Die Schweizer hätten sich etwas an Wertschätzung des ländlichen Raums bewahrt, sagte Karl Sieghartsleitner, der Hauptreferent der Wilener Impulstagung, die am 5. und 6. Januar 2007 stattfand. Sieghartsleitner war 1986-2002 Bürgermeister von Steinbach an der Steyr (Oberösterreich). Das entlegene Dorf, seit Jahrhunderten für Besteckherstellung bekannt, verlor ab 1960 seine Absatzmärkte und drohte zu verfallen.

Nach 1986 schafften die Steinbacher die Wende: Durch koordinierte Bemühungen, einvernehmliche Entscheide und gezielte Investitionen wurden der Ortskern renoviert, Wohnungen für Familien geschaffen und Biobetriebe ins Leben gerufen. Steinbach stoppte die Abwanderung und verdoppelte in 20 Jahren die Zahl der Kleingewerbe- und Dienstleistungsbetriebe; die meisten Bauernhöfe wurden erhalten und 300 Obstsorten gesichert.

Wo nehmen wir Werte her?
 
Ein Besuch in Steinbach bewog ihn,
Ein Besuch in Steinbach bewog ihn, Impulse in die Ostschweiz auszusenden: Kurt Enderli.
Der Katalysator dieses Prozesses sprach an der bisher grössten Schweizer Veranstaltung über Werte-orientierte Dorfentwicklung, die – natürlich – abseits der Zentren stattfand. Der Wilener Gemeindeammann Kurt Enderli hatte Steinbach 2006 besucht und darauf die Tagung initiiert, an der an beiden Tagen 150 Personen aus politischen und Kirchgemeinden teilnahmen (gratis waren Einwohner des Dorfs dabei, das an Wil SG grenzt und wegen der nahen Autobahn stark wächst). In seiner Einleitung fragte der Gemeindeammann, woher Verantwortungsträger die Werte nehmen, an denen sie ihre Entscheide messen. Laut Enderli finden sich im Schöpfungsplan Gottes universelle, unabänderliche Grundwerte, aus denen Werte für Dorf, Familie, Wirtschaft, Staat, Schule und Gesellschaft abzuleiten sind.

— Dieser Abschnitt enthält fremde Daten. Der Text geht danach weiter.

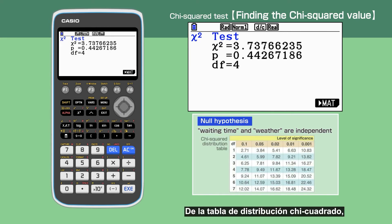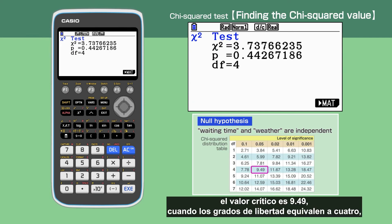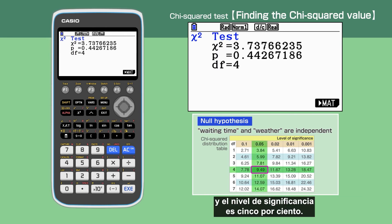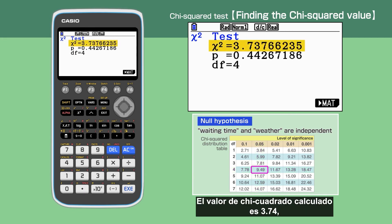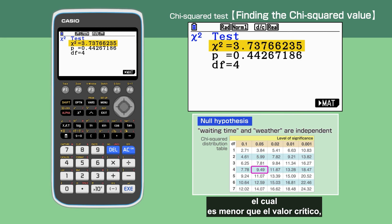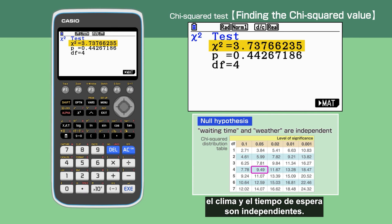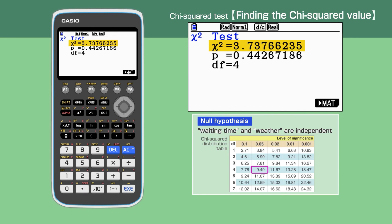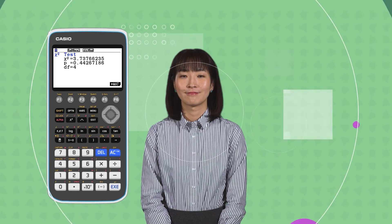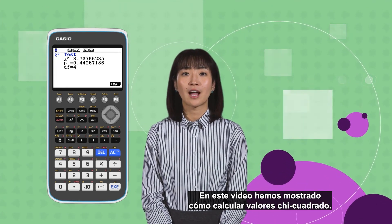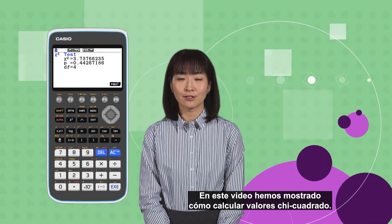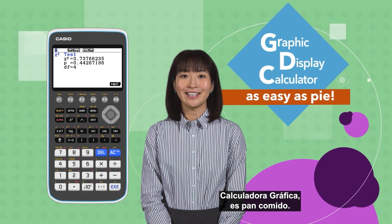From the chi-squared distribution table, the critical value is 9.49 when the degree of freedom is 4 and the level of significance is 5 percent. The chi-squared value calculated is 3.74, which is smaller than the critical value — hence we accept the null hypothesis that weather and waiting time are independent. In this video we have shown how to calculate chi-squared values using a graphic display calculator. Graphic display calculator: as easy as pi!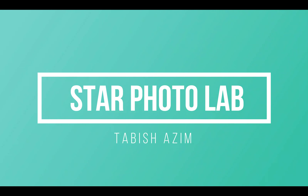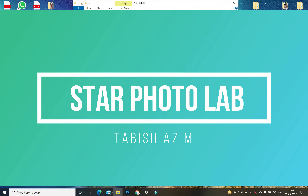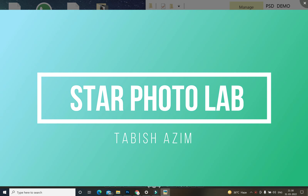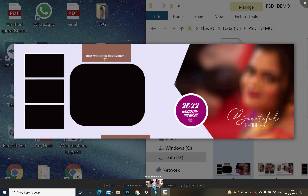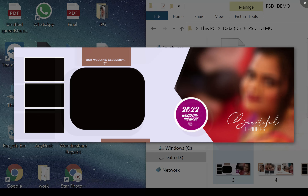Hello viewers, I am TABISH RAZEIM, your host and friend. And I am going to take another video for you.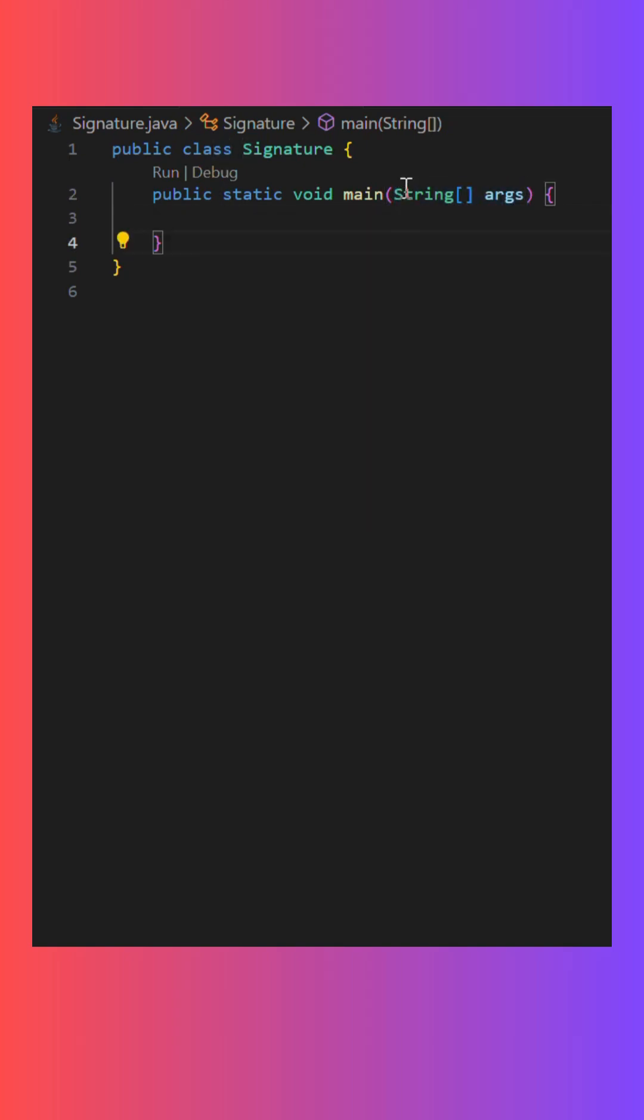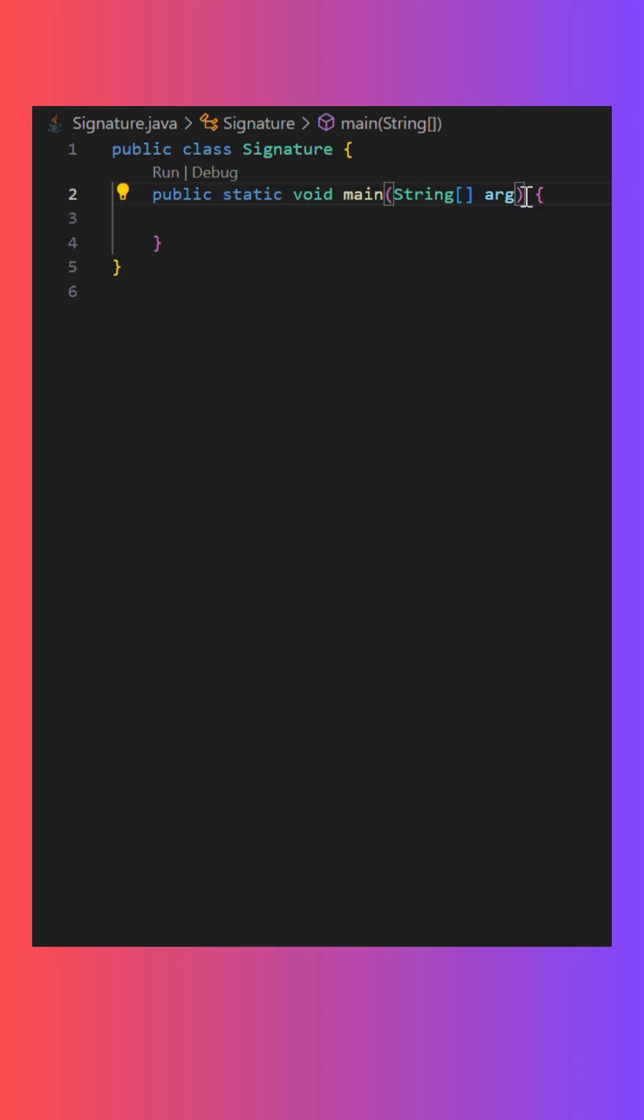To know about the changes which are possible in this line, first we have to understand this part. In this part here, we are creating a string array named as ARGS. We can change the name of this arguments array from ARGS to anything.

Kranke Riesen, bedrohte Zwerge
Sieghartsleitner lobte die an der UNO-Konferenz von Rio 1992 verabschiedete Agenda 21 als Ansatz, der beängstigenden globalen Schieflage (Plünderung der Ressourcen, Umweltzerstörung) zu begegnen. Wie der 2001 verstorbene Zukunftsforscher Johann Millendorfer sieht er
 
Modellgemeinde Steinbach an der
Modellgemeinde Steinbach an der Steyr.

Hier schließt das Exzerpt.